Ad-Hoc YAML DSLs and Productivity

tl;dr Badly designed DSLs create unnecessary complexity and lead to more problems than they actually solve.

One of my frustrations with the DevOps and cloud infrastructure tools is that most of them are badly designed DSLs that eschew all features of modern programming languages. Things like modules, data structures, functions, imperative control flow constructs, debuggers, linters, standard versioning/deployment practices, and rich library ecosystems are all missing. Of course, it is hard to do any real work without these features so the folks using these tools at some point come to the same conclusion and re-invent non-standard analogs to get by. The re-invention usually ends up being some kind of templating system built with a real language. Two obvious examples I can think of are Ansible with its Jinja templating and Terraform with its own ad-hoc variable interpolation mechanism that I presume is built on top of Go’s templating features. Oh and I almost forgot Kubernetes and Helm.

The arguments the tool designers bring up for why they made yet another DSL are usually some variation of “YAML or FooBarLang is declarative and so it reduces complexity”. On the surface this seems to make sense because declarative solutions in theory reduce complexity by hiding more details but when you start actually trying to solve problems the shortcomings become obvious. When real world use cases are brought up along with the shortcomings of the tool to address them the response ends up being some variation of “You’re using the tool wrong”. Again, this kinda makes sense until you dig deeper and realize that it’s not really an answer. Tools must always be subordinate to human intentions. If a tool can not accomplish a goal or requires extraordinary workarounds then it’s not the user’s fault and the logical conclusion is that the tool is badly designed. If I want to write a loop and can’t for some reason then that’s a lack of foresight on the tool designer’s part and not my problem. There could be several valid reasons I’d want to use a loop (or recursion) but because DSLs are not really programming languages I don’t have any real recourse other than to figure out how to work around the limitation.

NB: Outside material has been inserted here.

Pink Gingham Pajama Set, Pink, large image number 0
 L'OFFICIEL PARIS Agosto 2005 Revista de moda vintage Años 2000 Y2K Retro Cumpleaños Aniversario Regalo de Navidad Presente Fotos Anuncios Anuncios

This state of affairs then leads to a whole lot of inefficiency and waste. People contort their thinking to fit the shortcomings of the tool and end up wasting the true potential of a programmable cloud. We can create computers with HTTP requests and coordinate and orchestrate them with similar ease but because the tools used to provision them are not programming languages all that flexibility is lost. The workarounds necessary to make the tools powerful enough to truly utilize the dynamic capabilities of the cloud end up being more overhead than most people are willing to put up with and so they never get around to it. Most then fall back on some patchwork of automation expressed with these DSLs and manual playbooks to provision and configure their systems. This then ends up wasting a whole lot of money and human effort.

I personally don’t think this state of affairs is acceptable. We have the means to do better and that is the main reason I started Cloudbootup. I plan to work on fixing the problem because internalizing the shortcomings of existing tools as virtues does not benefit any of us. The cloud is a programmable wonderland and we should work toward realizing that potential.